Normally .png images can be enlarged by clicking on them. . . I’ll try again with .jpg

RBG

EDIT: only the second of these shows the description for enlargement when you hover over it :confused:

jpg and png should be handled the same way. How are you uploading the images - drag and drop, cut and paste or using the upload icon?

Using the upload icon.

It looks like RBG image is just small enough to fit on a normal page so isn’t resized. The Gogarbank image is a bit wider so is resized so has extra options.

I don’t understand that. Raw sizes, uploaded at 100%:

Gogar jpg 1172 x 103, png 1168 x 95
RBG jpg 1180 x 82, png 1177 x 92

So, in fact, the RBG images are wider than the Gogarbank ones :confused:

I think I know what’s going on, but first I have to complain that the forum software is too deviously clever!

I started experimenting by uploading the images you sent with different settings, but couldn’t get a different result to what you were finding. That seemed weird because some of the setting changes I made should have made significant differences to what I saw. Eventually I noticed that the images I was re-uploading always had the same internal image ID, but I was expecting them to get a new ID for each upload.

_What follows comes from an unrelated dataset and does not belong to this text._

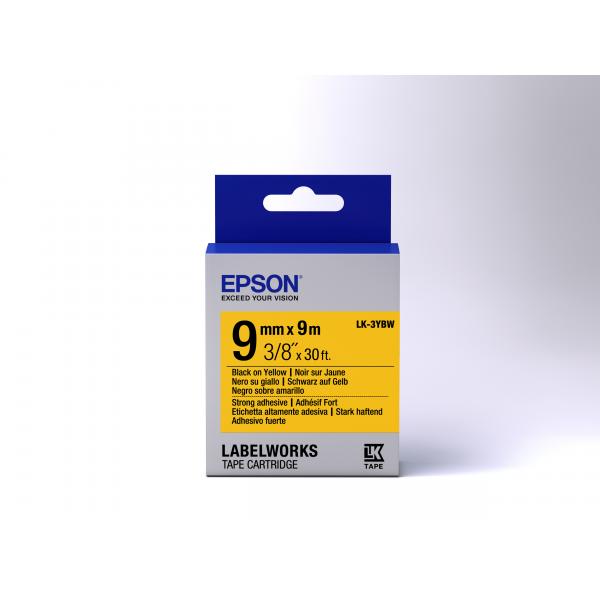 Epson Nastro fondo Pastello Giallo per testo Nero, altamente adesivo 9/9 LK-3YBW (TAPE - LK-3YBW STRNG ADH BLK-/Y - YELL 9/9)EpsonC53S653005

I figured out why…each time an image is uploaded the forum software calculates a checksum of it and if the checksum matches one for a previously uploaded image then it just uses the previous image and throws the newly uploaded image away. That’s clever be cause it avoids storing multiple copies of the same image and also reprocessing the same image multiple times, e.g. for re-sizing. However, it does make testing using the same images rather tricky!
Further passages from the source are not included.